The "_" pattern does not match a string with any character, it matches the string that contains an underscore.

You can use [_] as pattern for the singleton string, so:

f :: String -> String
f "" = ""
f s@[_] = s
f (x : xs : xss)
    | x == xs   = f (xs : xss)
    | otherwise = x : f (xs : xss)

here we use s@ to capture the string with one character as s.

or we can simplify this with:

f :: String -> String
f (x : xs : xss)
    | x == xs   = f (xs : xss)
    | otherwise = x : f (xs : xss)
f s = s

Answer 2

I want to eliminate consecutive duplicates from a string like f "aaabbbcccdeefgggg" = "abcdefg"

You can group the letters which are equal (via Data.List.group), and then take the first of each group (via map head, which applies head to each element of the list and gives you back the list of the results):

import Data.List (group) -- so we write group instead of Data.List.group
map head $ group "aaabbbcccdeefgggg"

This can be seen as the application of map head after the application of group to the input String.
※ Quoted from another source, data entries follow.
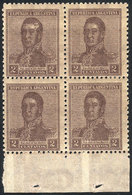 ARGENTINA: GJ.425a, Block Of 4 With DOUBLE IMPRESION, One Horizontal, VF Quality! - Autres & Non Classés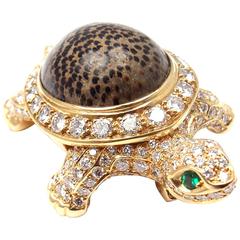 Cartier Turtle Diamond Fossil Jasper Large Pin Brooch 12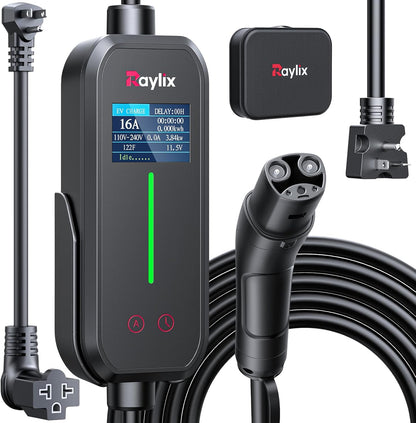 16A Level 1&2 Tesla Charger [Adjustable Current, Delay Charge & Smart Display] Tesla Mobile/Home Charger with 21 ft Cable, Mobile Connector for Model X/Y/3/S/Cybertruck, NEMA 6-20/5-15 Plug, 110-240V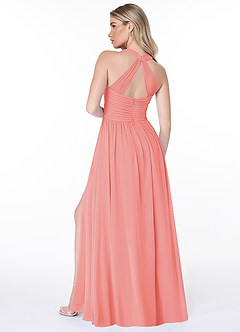 Azazie Jaclyn Brautjungfernkleider A-Linie Plissee Chiffon Kleid Koralle image6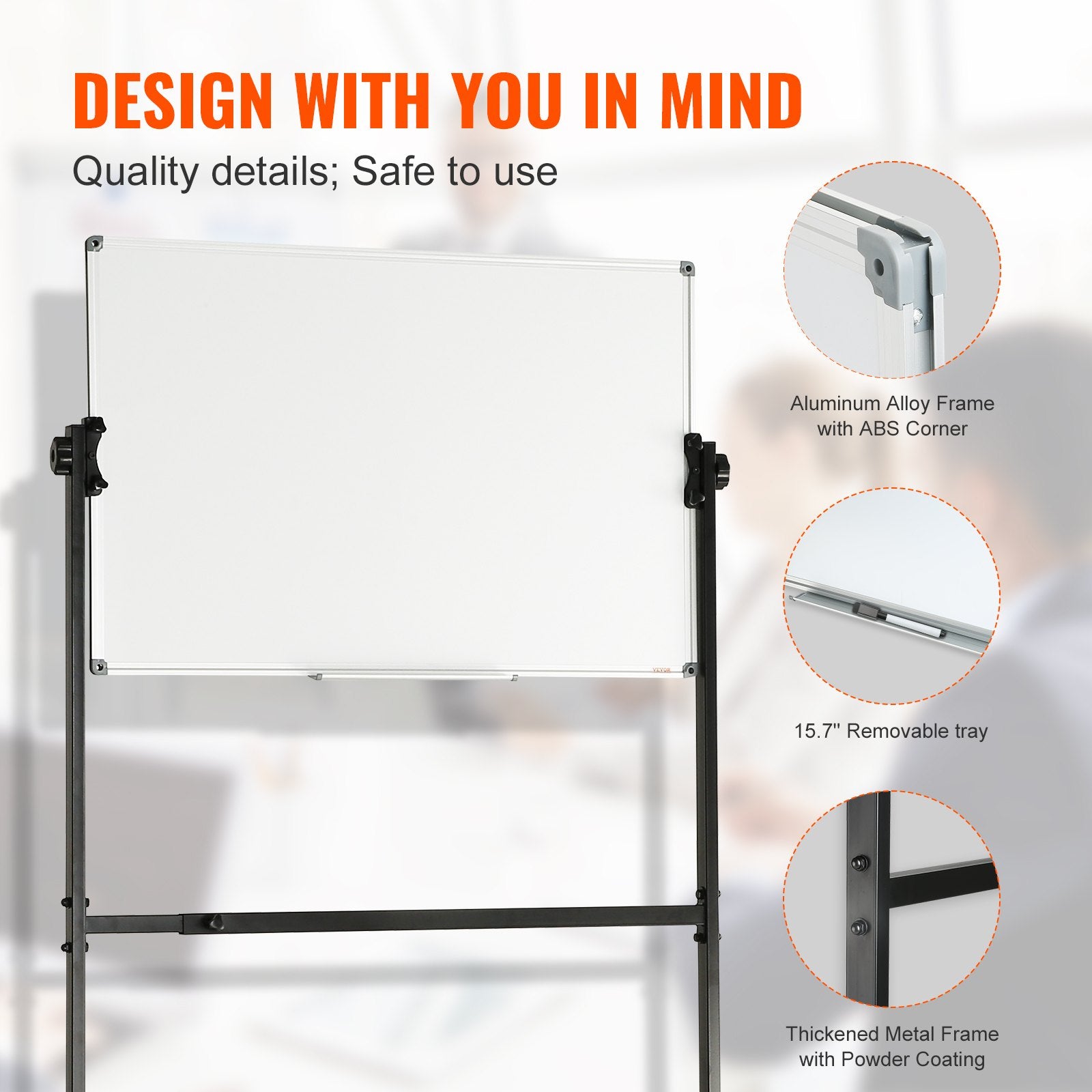VEVOR 91.5x61cm Rolling Magnetic Whiteboard, Double-sided Mobile Whiteboard, Adjustable Height Dry Erase Board with Wheels, 1 Magnetic Erase & 3 Dry Erase Markers & Movable Tray Office, School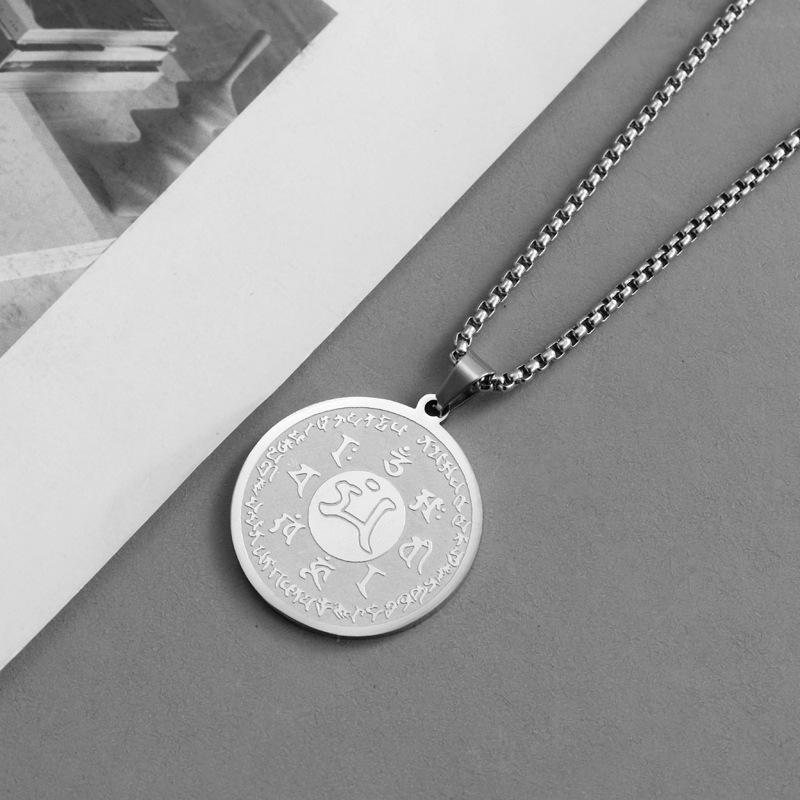 Retro Buddha Amulett Anhänger Manjushri Bodhisattva Sutra Runde Platte Titanstahl Halskette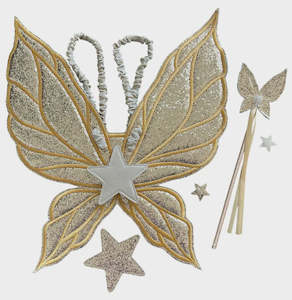 Play 1: THREE TOTS - Glitter / Matt Gold Vegan Reversible Fairy Wings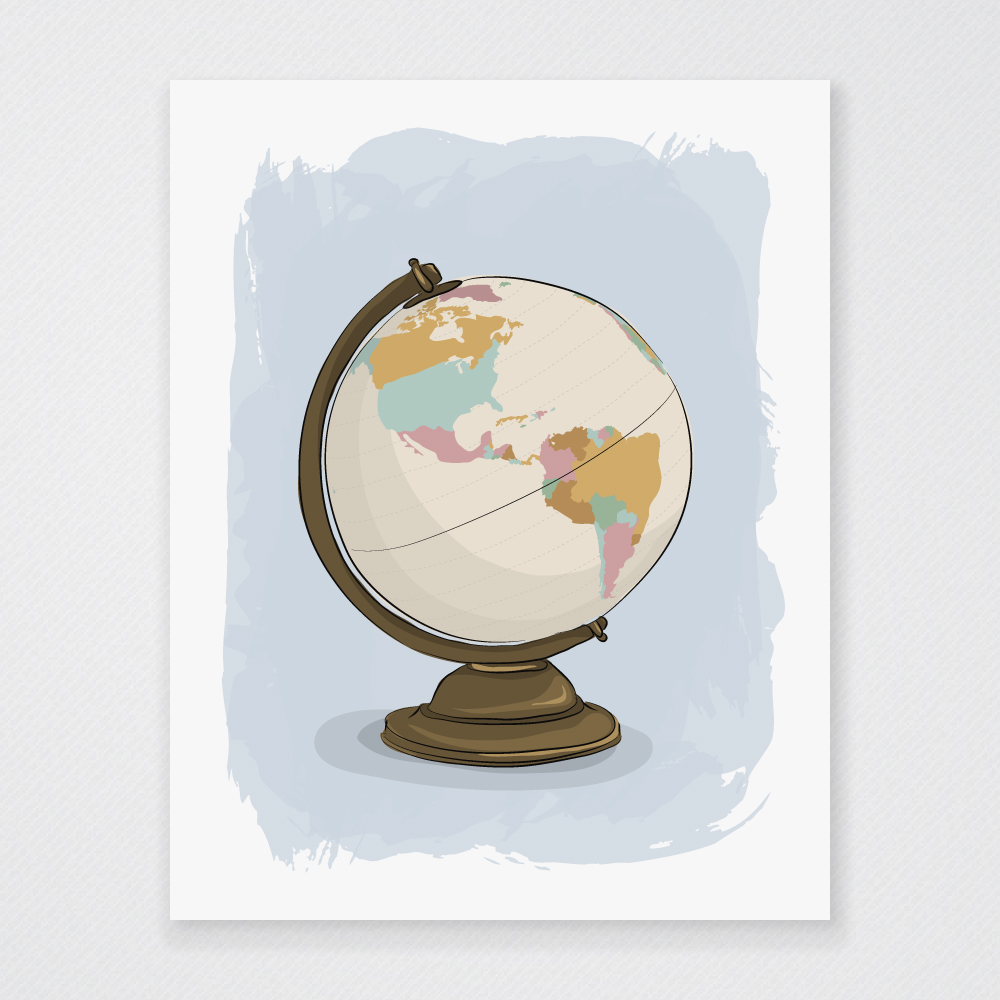 world globe art print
Therefore, your f can be defined like the composition of those two functions:

f :: String -> String
f = map head . group

---

For completeness, as you seem to be new to Haskell, here are a few details:

• Data.List.group "aaabbbcccdeefgggg" returns ["aaa","bbb","ccc","d","ee","f","gggg"];
• f $ a b c is the same as f (a b c);
• . is the composition operator, and it is such that (f . g) x == f (g x).
  • Unrelated to this question, but important to bear in mind in general, . operates on unary functions, which means that if g takes more than one argument, the composition will pipe a partially applied g to f as soon as you give f . g one argument. In other words, if g is, say, binary, then f (g x y) is not equal to (f . g) x y, which will generally not even compile, but to ((f .) . g) x y. Some more example about this, but in JavaScript, is in this answer of mine, which should be fairly readable for a Haskell programmer.